Discovering Regency Bath and Bridgerton locations

Season one of Bridgerton is an eight episode series which premiered on Netflix on Christmas day 2020. Although it has been described as historical fantasy not fact it is great fun. Producer Shonda Rhimes  imagined an alternative regency period where Queen Charlotte, the wife of George III was of mixed race rather than of German descent and much of the aristocracy was also biracial.

The series is based on the regency novels of the best selling American author, Julia Quinn. The books follow the attempts made by Violet, the Dowager Viscountess  Bridgerton to marry off her eight children. The children helpfully have names in alphabetical order A-H. Series 1 focuses on the eldest daughter Daphne and her relationship with Simon, the newly created Duke of Hastings.

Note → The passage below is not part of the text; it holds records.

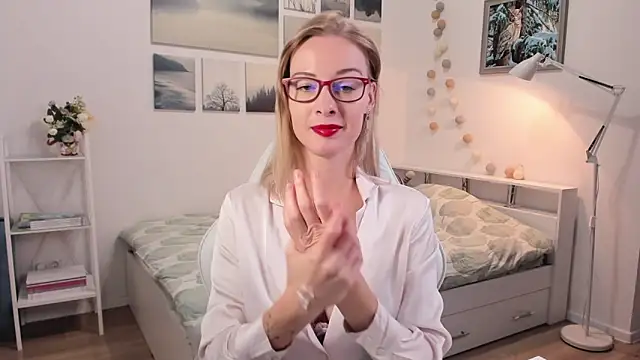 MissRightX online show from 09-19-25, 09:24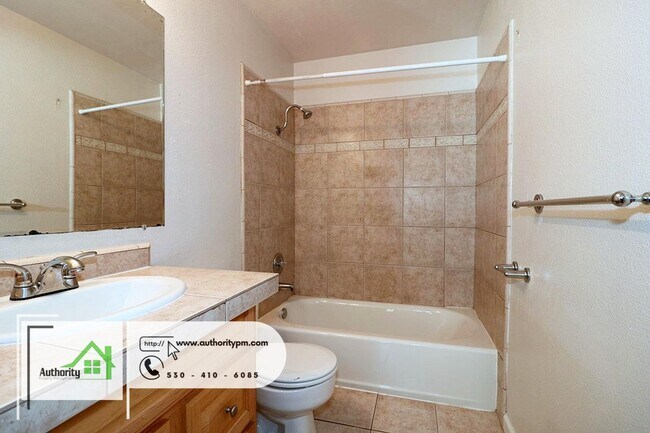 Building Photo - 3030 Dove St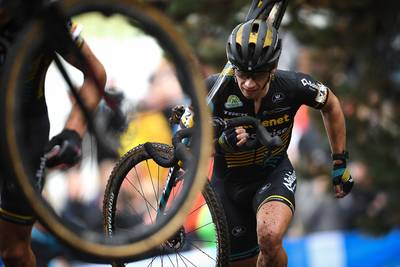 Van der Haar wint voor vijfde keer op rij de Nacht van Woerden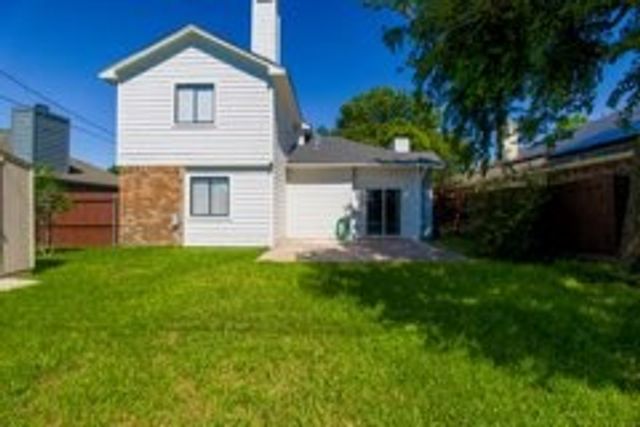 610 Lemons Street, Cedar Hill, TX 75104
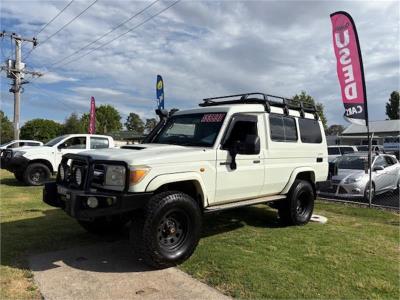 2013 TOYOTA LANDCRUISER GXL (4x4) TROOPCARRIER VDJ78R MY12 UPDATE for sale in Riverina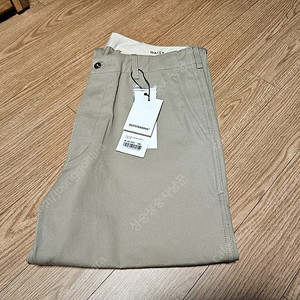 (새상품) 아웃스탠딩 오피서 치노 라이트베이지 M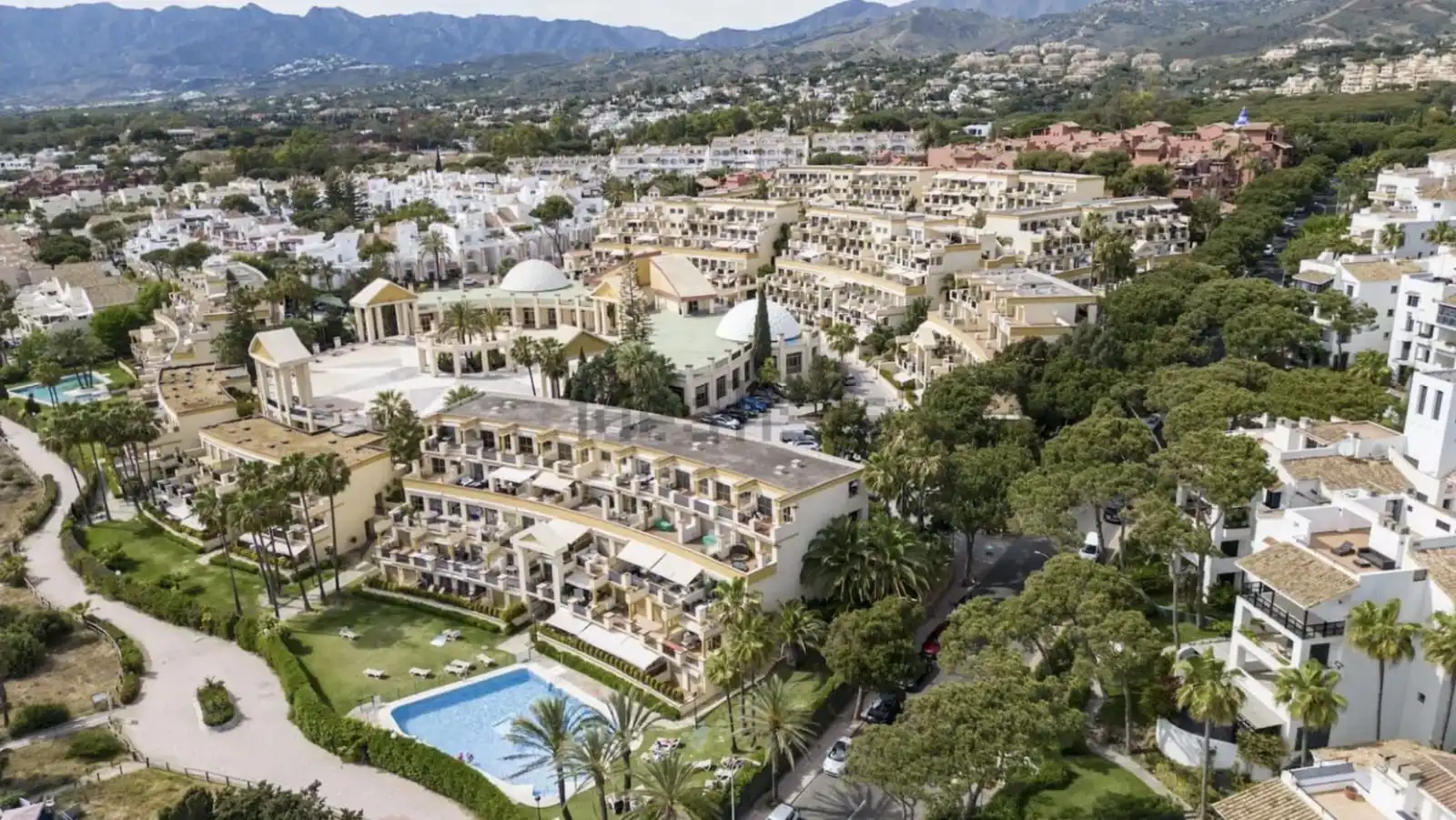 Exterior view of Ground floor for sale in Marbella  with Air Conditioner, Terrace and Swimming Pool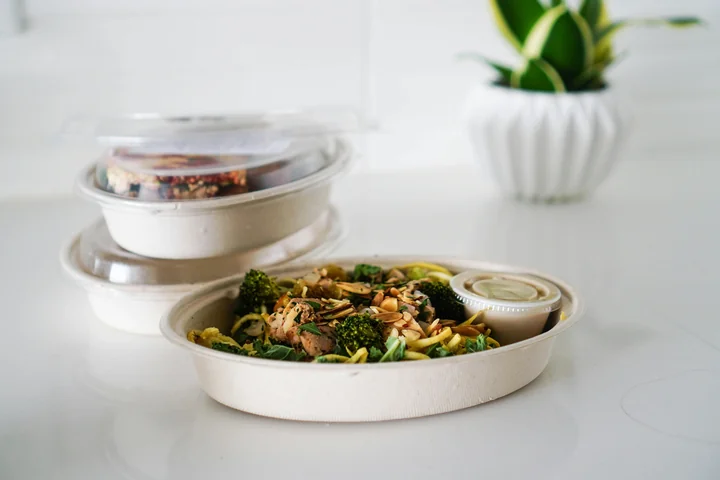 Naczynia z liści palmowych: naturalne, wytrzymałe i estetyczne – idealne na eventy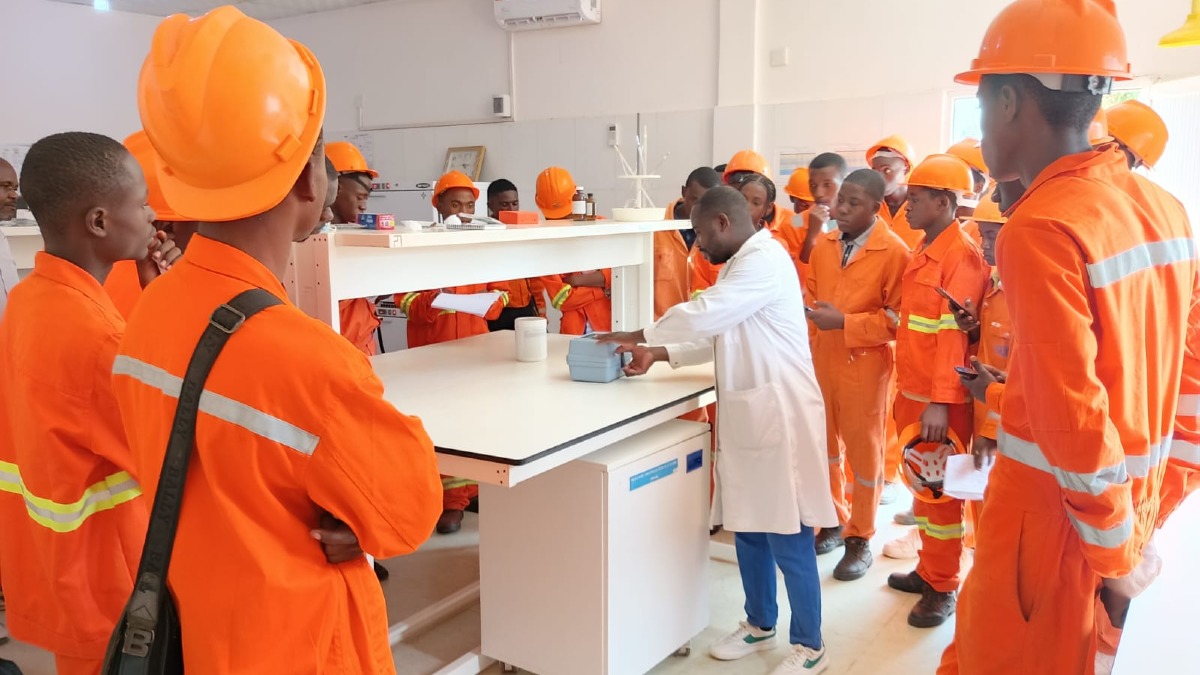 VISITA TÉCNICA À EMPRESA DE ÁGUA E SANEAMENTO DO UÍGE (EASU)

The first series is set in 1813 in London but much of it was filmed in other cities including Bath.  It has been described as a cross between Pride and Prejudice and Gossip Girl. Julie Andrews acts as narrator reading extracts from the anonymous Whistle Down Newsletter.

What is the difference between Georgian and Regency England? 

The Georgian period covers the reign of all four King Georges from 1714 to 1830. Regency just covers the period from 1811 to 1820 when George IV acted as regent for his father George III who went mad. 

I belong to a walk in the past historical walking group and on Sunday we were asked to meet at the Holburne museum for what our leader billed as a Bridgerton walk. I also took the opportunity to photograph a couple of doors for #Thursday doors, a weekly feature that lets door lovers from around the world come together to share photographs of doors and the stories behind them.

The Holburne museum

Although Bridgerton is set in London the film crew used locations around the country for many of the scenes. I enjoyed spotting many of my favourite Bath buildings. The Holburne museum  was used as Lady Danbury’s grand mansion and the scene of the ball in episode one where Simon and Daphne meet.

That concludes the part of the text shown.